If you own a house, the least expensive option is to build a small closet in your basement away from your furnace, and purchase some inexpensive wine racks. I also recommend you purchase a thermometer to monitor the cellar temperature in the dead of winter and at the peak of summer. Be sure the temperature doesn’t go below 40°F (5°C) or above 65°F (18°C). If it does, make sure it’s only for a few days.
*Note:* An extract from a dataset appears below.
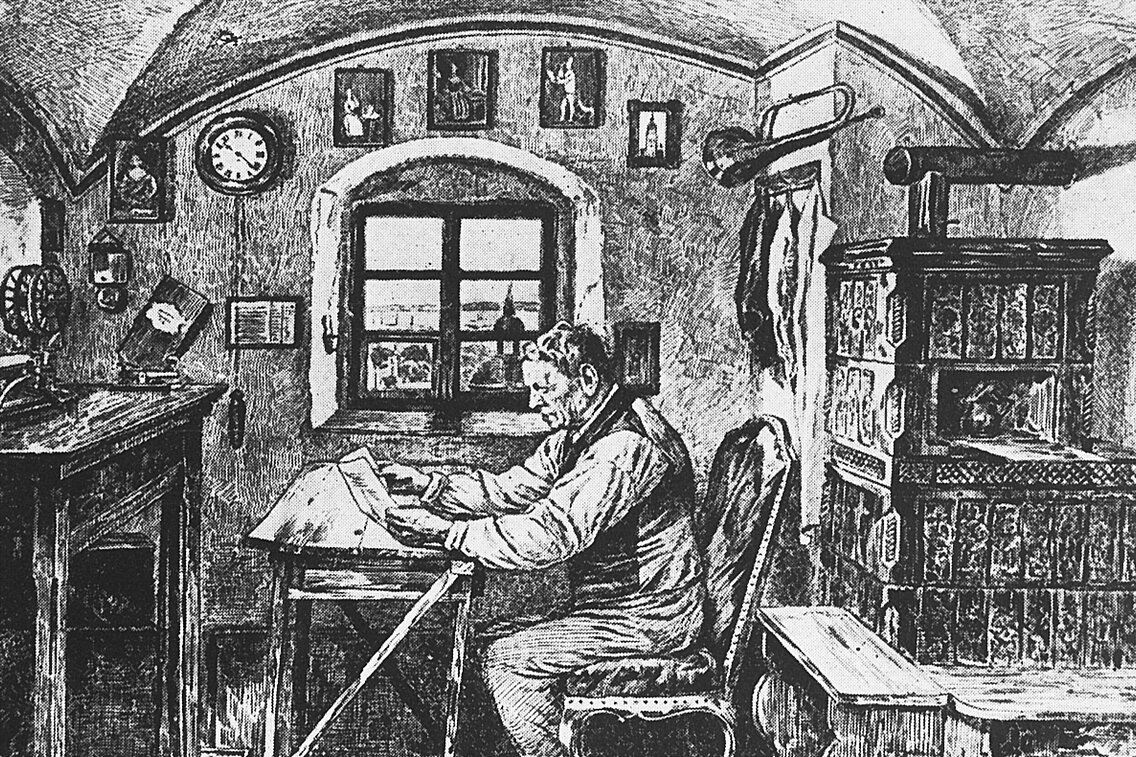 Zeichnung von einem Mann, der an einem Tisch in der Türmerstube sitzt und etwas liest, umgeben von Möbeln und Bildern an der Wand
If you live in an apartment or condo, I recommend you purchase a portable wine cellar. These are basically fancy temperature-controlled refrigerators. There are expensive units that cost thousands of dollars, but you can find good units in the $250-300 dollar range that can hold 20-30 bottles. Do some research online and shop around for the best deal locally. I don’t recommend you actually purchase a wine cellar online unless the manufacturer can service it locally.

Wine Rack

Impress your friends with these 10 wine facts

  1. You can make white wine out of red grapes but not vice-versa.
  2. Thomas Jefferson was an avid wine lover and noted gourmet.
  3. When Vesuvius buried Pompeii in 79AD it also buried more than 200 wine bars.
  4. Each of the 50 states has a winery.
  5. The grapes we eat are from the Vitis Lambrusca species while the grapes we use to make wine are from the Vitis Vinifera species.
  6. 1 grape cluster = approximately 1 glass of wine.
  7. In King Tut’s Egypt (around 1300 BC), the commoners drank beer and the upper class drank wine.
  8. Dom Perignon was a Benedictine Abbey and he was blind.
  9. The Greeks used to add spices, honey, drinking water and sometimes even sea water to their wine.
  10. The US imports more wine from Italy than from any other country.